Secteur des transports : 2011, l’année des premières lignes ?
Il est l’un des critères définissant la qualité de la vie. C’est un secteur stratégique. Le transport est l’un des plus grands chantiers de l’Algérie. Après les 700 milliards de dinars alloués pour le plan quinquennal 2005-2009, le secteur bénéficie de 2 800 milliards dans le nouveau programme 2010-2014, dont 19,3 milliards attribués dans la loi de finances 2011.
Photo : S. Zoheir
C’est que le pays est vaste et les challenges importants. Air, terre, mer, les projets sont nombreux et les attentes énormes. Qu’en sera-t-il pour cette année 2011 ? Dans ce secteur éminemment complexe et alambiqué, les délais d’achèvement des projets et leurs réception sont durs à fixer. Se hasarder sur une date précise est « casse-gueule ». Du moins, les annonces sont là et certaines réalisations ont finalement vu le jour.
En matière de transport urbain, trains, tramways et métro monopolisent l’attention. Pour les trains de banlieue, la généralisation de la mise en service à Alger de ces voitures électriques, confortables et sécurisées avait comme ultimatum le 1er janvier 2011. Une aubaine pour les habitants de la périphérie qui seront rassurés sur l’invariabilité des tarifs. Le tramway est un autre moyen de transport adopté pour tenter de décongestionner les villes. Un premier tronçon de celui d’Alger devrait être mis en exploitation en avril prochain. Il s’agit de la partie reliant Bordj El Kiffan à Bab Ezzouar, longue de 7,4 km. Rappelons que, dans sa totalité, le tracé devait relier la banlieue est d’Alger au centre-ville, soit plus de 23 km. Les travaux sur le tram d’Oran (Senia-Sidi Marouf) sont également engagés. Le plus gros sera achevé en début d’année, selon le ministre de tutelle. Quant aux six autres (Sétif, Annaba, Sidi Bel Abbès, Batna, Ouargla et Mostaganem), les projets en restent au stade d’étude.
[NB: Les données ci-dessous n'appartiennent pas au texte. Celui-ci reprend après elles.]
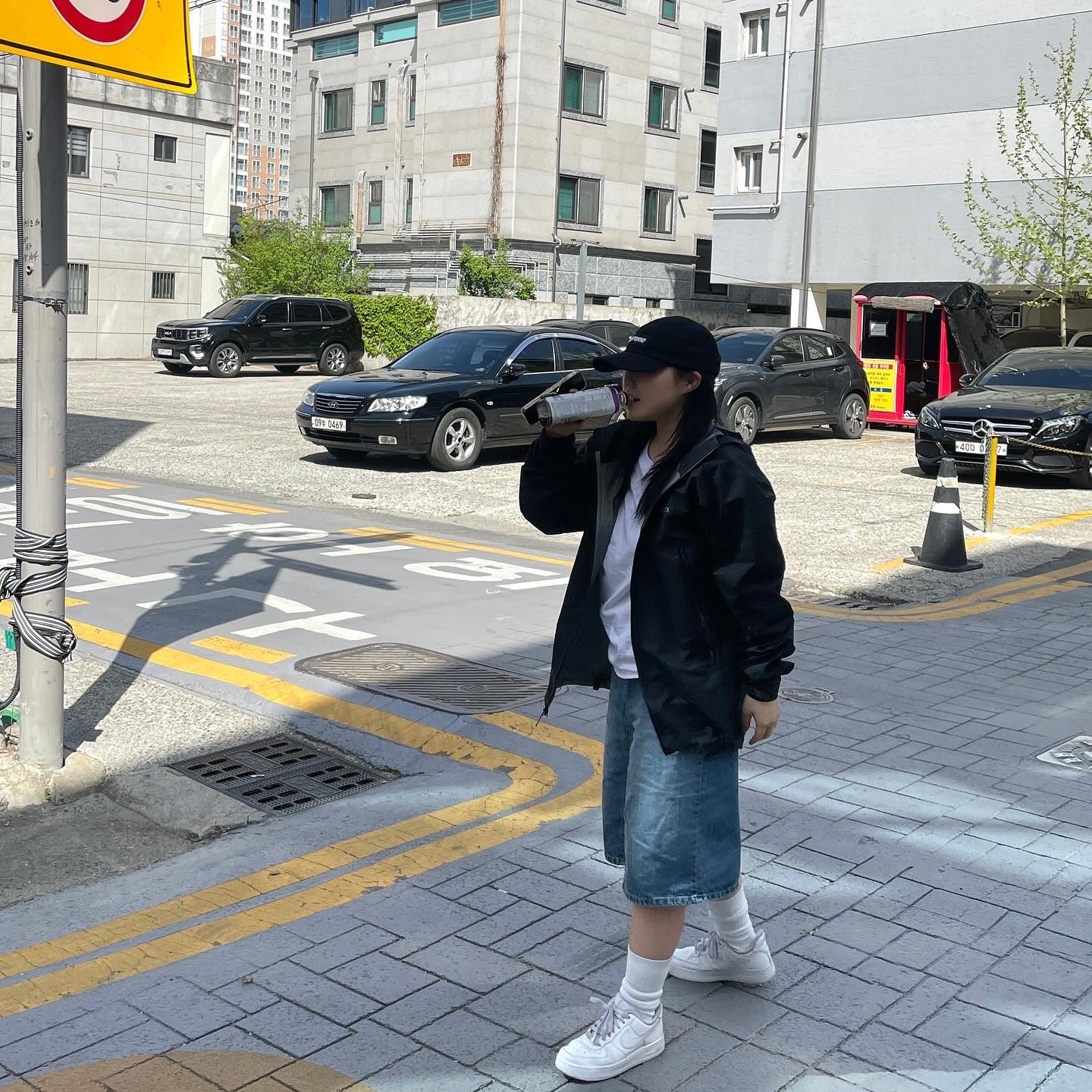 Supreme Washed Canvas Camp Cap Black - 24SS, Arc'teryx Beta Jacket Black 착용 스타일 - 1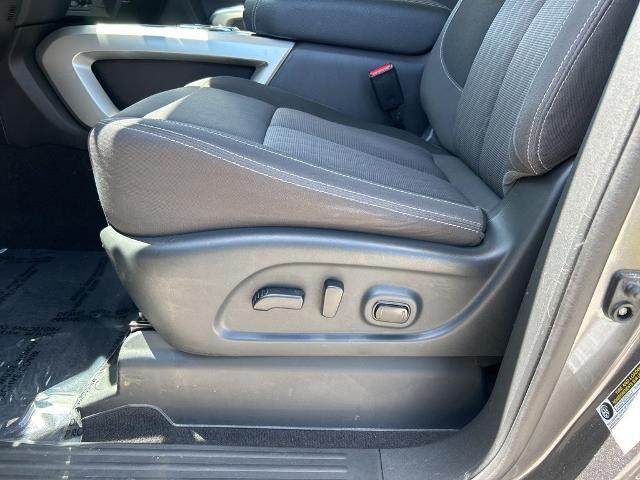 2024 Nissan Titan Crew Cab SV 4x2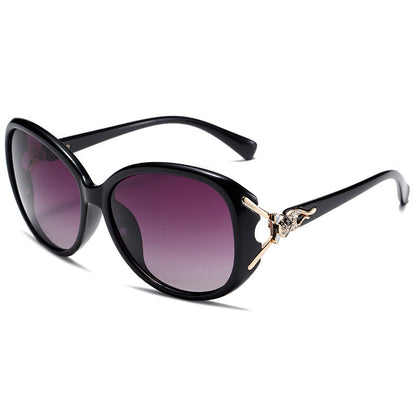 Women's Fashion Sunglasses in Elegant Design with Striking Embellishments Bowlift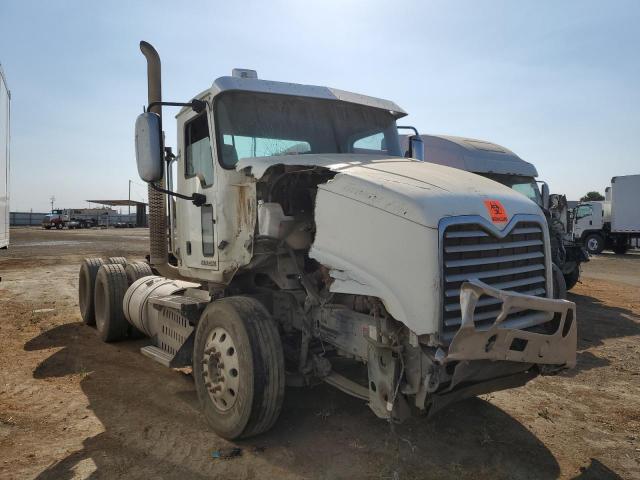  Salvage Mack Cxu613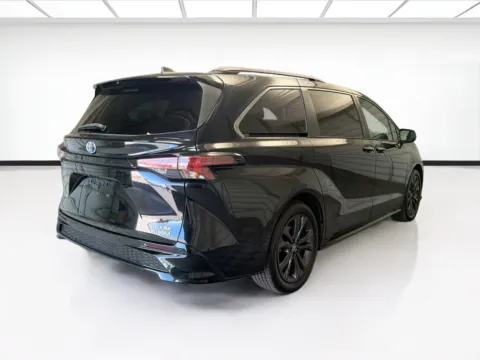 More photos of 2022 Toyota Sienna XSE 7 Passenger at STG Montclair, CA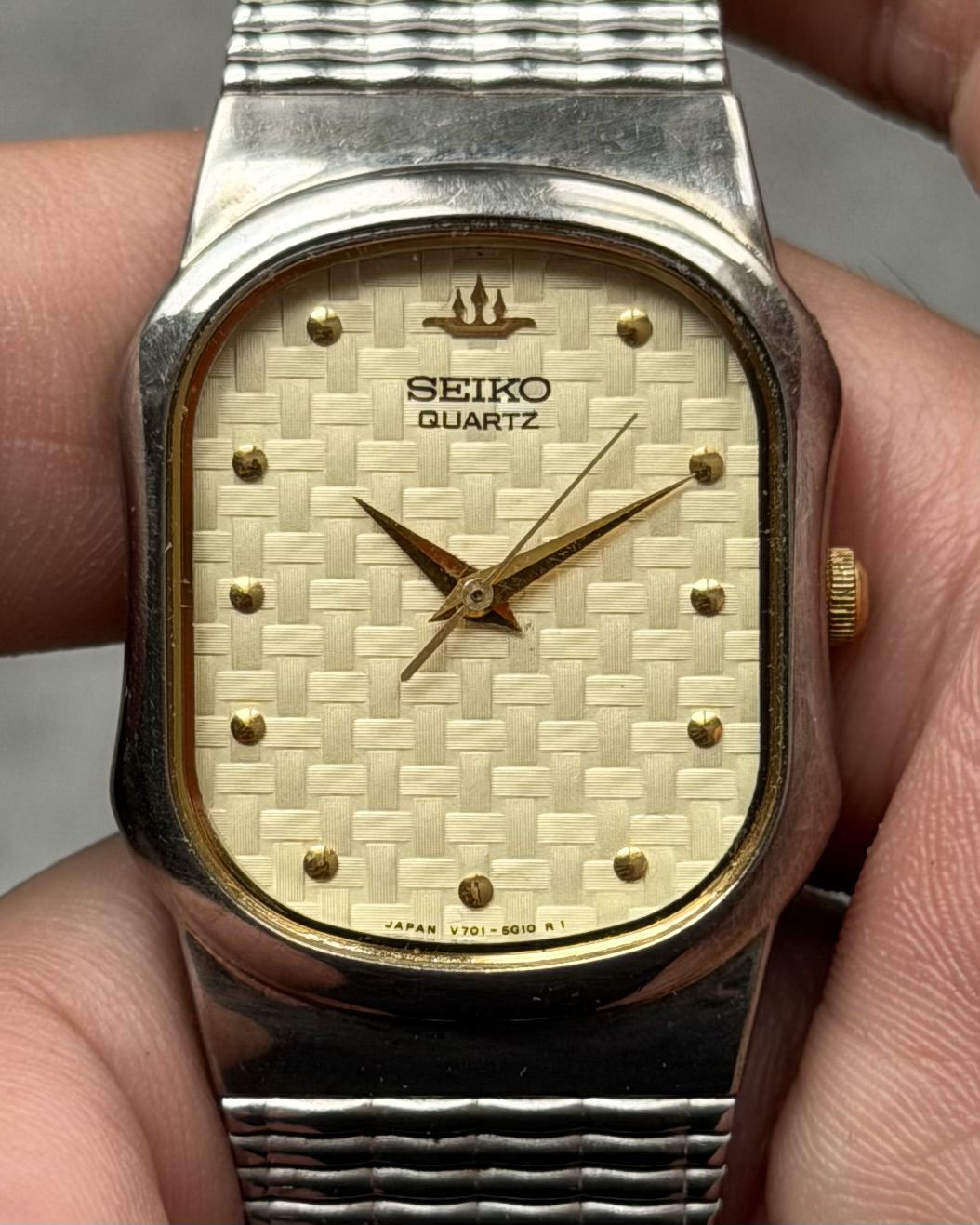 SEIKO WOVEN TEXTURE DIAL VINTAGE QUARTZ WATCH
Quant au métro d’Alger, celui-là même qui a fait couler beaucoup d’encre et fait autant de remous, il est dit que la première ligne reliant la Grande-Poste à haï El Badr (9,5 km) sera opérationnelle à partir de cette année 2011. A noter que l’année 2010 a vu la poursuite des travaux de ce métro ainsi que la réalisation de nouvelles extensions vers la place des Martyrs et El Harrach. Un autre moyen de transport censé faciliter la mobilité des citoyens et pris en compte de la stratégie globale du transport est le téléphérique. Celui du palais de la Culture à Alger a été réceptionné en février 2010 ; celui d’Oran mis en service. Le téléphérique reliant Oued Koriche à Bouzaréah est en cours de réalisation. Et huit autres sont inscrits en étude (deux à Constantine, Béjaïa, Jijel, El Tarf, Médéa, Oran et Béni Saf).
Pour ce qui est du transport urbain toujours, de nouvelles infrastructures d’accueil ont été réalisées, à l’image des gares routières de Naama, Sidi Bel Abbès, Bouira, Relizane et Djelfa. Ou encore Annaba, Tindouf, Saïda, Aïn Témouchent et Médéa. Quant au transport ferroviaire long courrier, il est à noter la réouverture de lignes reliant le nord au sud du pays, comme Oran-Béchar (700 km), Biskra-Batna-Constantine (240 km). S’agissant du réseau routier, 91% du tracé de l’autoroute Est-Ouest touche à sa fin, de Tlemcen à Constantine. Une grande partie est ouverte à la circulation. Les autres sont en voie d’achèvement.
Le transport aérien a également connu un bond en avant avec la réalisation de trois aérogares (Jijel, Tlemcen et Djanet). Sept autres sont en cours de réalisation à Annaba, Constantine, Biskra, In Guezzam, El Menéa, Oran et Bordj Badji-Mokhtar. La flotte aérienne de la compagnie Air Algérie se renforcera avec onze aéronefs. Quant à Tassili Airlines, elle en réceptionnera quatre autres. Avec ces projets réceptionnés, ou en cours de réception, le citoyen aura le luxe de choisir son moyen de transport. Mais avant, il est impératif de garantir une bonne exploitation de ces moyens. La ponctualité, la sécurité et le confort sont de mise. En espérant que l’Algérien daignera se défaire de son véhicule privé tant « chéri ».